Your point that "there is no perfect metric" is particularly true in the education field. Measuring quality teaching is a very subjective concept, and valid/reliable assessments either don't exist or are not quality learning measures for so many subject ares, age ranges, and particular groups of students.
Further, it gets more complicated if you think about how to compensate a teacher, versus a principal, versus a central administrator. The purpose and goals of these positions are so very different, yet all share the desired outcome of high student achievement.
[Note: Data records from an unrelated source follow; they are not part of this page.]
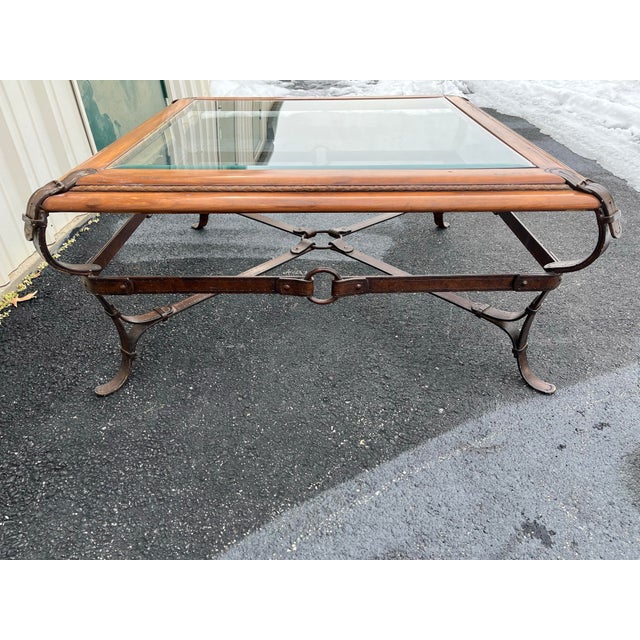 Adnet Hermes Forged Faux Leather Strap Equestrian Coffee Table For Sale - Image 10 of 12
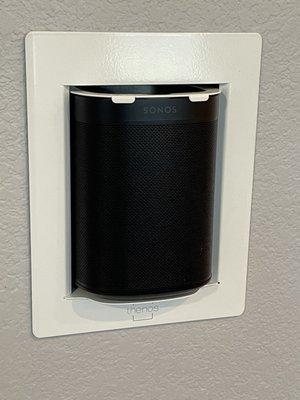 Sonos SL One wireless surround sound all you need is power source the rest is Wi-Fi to connect multiple speakers. Clean install.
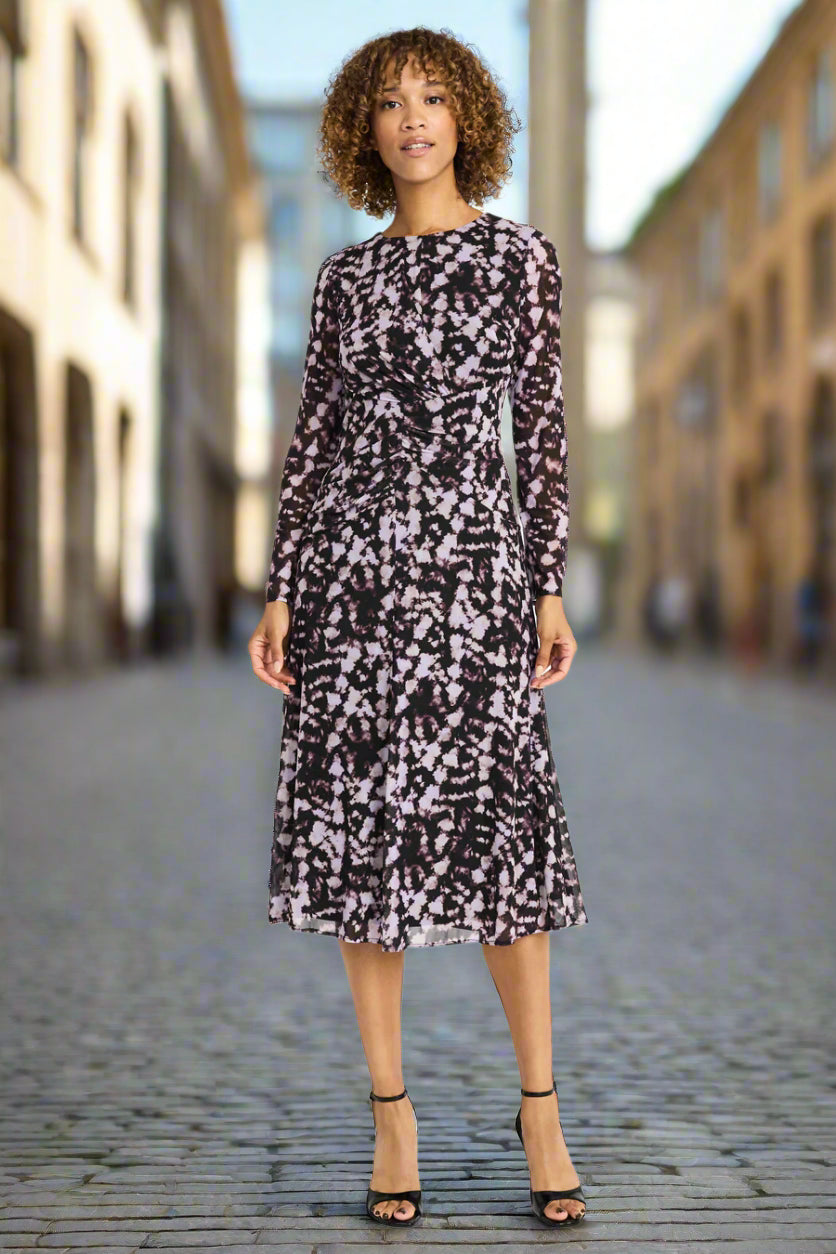 Maggy London Nariah Lilac Black Midi Dress-Midi Dresses-Maggy London-Deja Nu Boutique, Women's Fashion Boutique in Lampasas, Texas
In any case, your message that we should really defining what quality performance looks like for any organization - and then strategically aligning compensation with those elements is right on target!
Just because its hard to do is no excuse for not doing it.
Jason Glass
Eagle, CO
www.stratcompworkshop.org
Posted by: Jason Glass | 06/17/2010 at 10:17 AM
Thanks for the comment Jason.
Performance-pay truly works well when you consider its holistic application. Everyone involved in the process of delivering success must be considered. Everything that is done to drive success must be looked at.
While it is not possible to drive and reward every single action, it is possible to define and manage enough actions to make a measurable impact.
I really like your last statement: "Just because it is hard to do is no excuse for not doing it."
If we avoided everything hard, we would never have crossed an ocean, flown to the moon or created a polio vaccine. Doing hard things is what separates us from the pack!